Certainly you should add a Vcs-Git header.  dgit does not change that,
for packages already using git somehow.  I have added the word "just"
so now it says:
  | more useful to them than just adding a Vcs-Git header
Hopefully that helps clarify that adopting dgit does not mean
dropping the Vcs-Git header.

> I've read the FAQ (once, not recently) and was not convinced.  As I said
> I think sitting down next to you at DebConf might be the best way to
> learn the advantages.

dgit push-source is slightly more convenient than the dput based
system and it catches slightly more errors and does slightly more
automatically.  But, it is a fairly minor benefit *to the maintainer*.

As I say, the main advantage is for users and downstreams and certain
kinds of NMU campaigns.  Mainly, you would help people other than you.

It is IMO quite easy to persuade users and downstreams of the value of
dgit clone.  For the target audience it is simply a massive
improvement over all previous tools.  Even if the maintainer didn't
use dgit push, so "git log" and so on give poor results.

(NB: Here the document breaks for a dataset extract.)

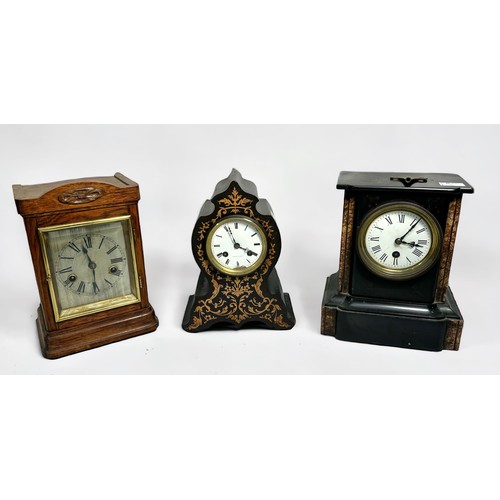 387 - An early 20th century French baloon clock by Hatton A Paris, with 8-day movement striking a bell, th... 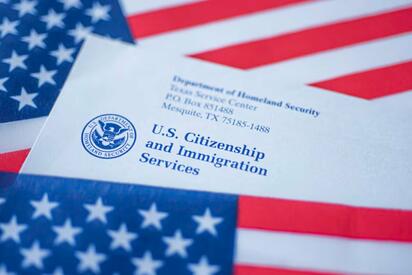 Trump propone pago de 100 mil dólares para visado H-1B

The main difficulty now with getting dgit push adopted is that
maintainers don't see the benefit *to themselves* and it is always
harder to get someone to see a benefit *to someone else*.

Especially, it can be hard to convince people of the reality of a
benefit to someone else, which they perhaps ought to provide, if it
would involve them having to change the way they do things...

Anyway, I'm very happy to talk to you (or anyone) about your own
situation in detail IRL, and also open to hearing from anyone who has
good ideas about addressing this adoption problem.

> > I have said before that I think using "dgit push" (where possible) is
> > an ethical imperative.  (I should clarify that I *don't* mean that
> > people who aren't using "dgit push" yet are bad people.  Life is so
> > full of ethical imperatives that no real human could meet them all,
> > and of course Debian's right to call on volunteer effort is limited.)
> 
> Question: I'm eating less and less meat (not real vegetarian but with a
> very positiv feeling that this might be an ethical imperative as well).
> Which ethical imperative would you consider stronger:  Becoming
> vegetarian or using dgit? ;-)

I left this one to the end :-).

That is an interesting question.  I doubt it is really possible to
compare things in that way.  But certainly reading articles about
accelerating deforestation (and attacks on indigenous land rights
etc.) makes me think that I will try to avoid eating much Brazilian
beef.

Regards,
Ian.

-- 
Ian Jackson <ijackson@chiark.greenend.org.uk>   These opinions are my own.

If I emailed you from an address @fyvzl.net or @evade.org.uk, that is
a private address which bypasses my fierce spamfilter.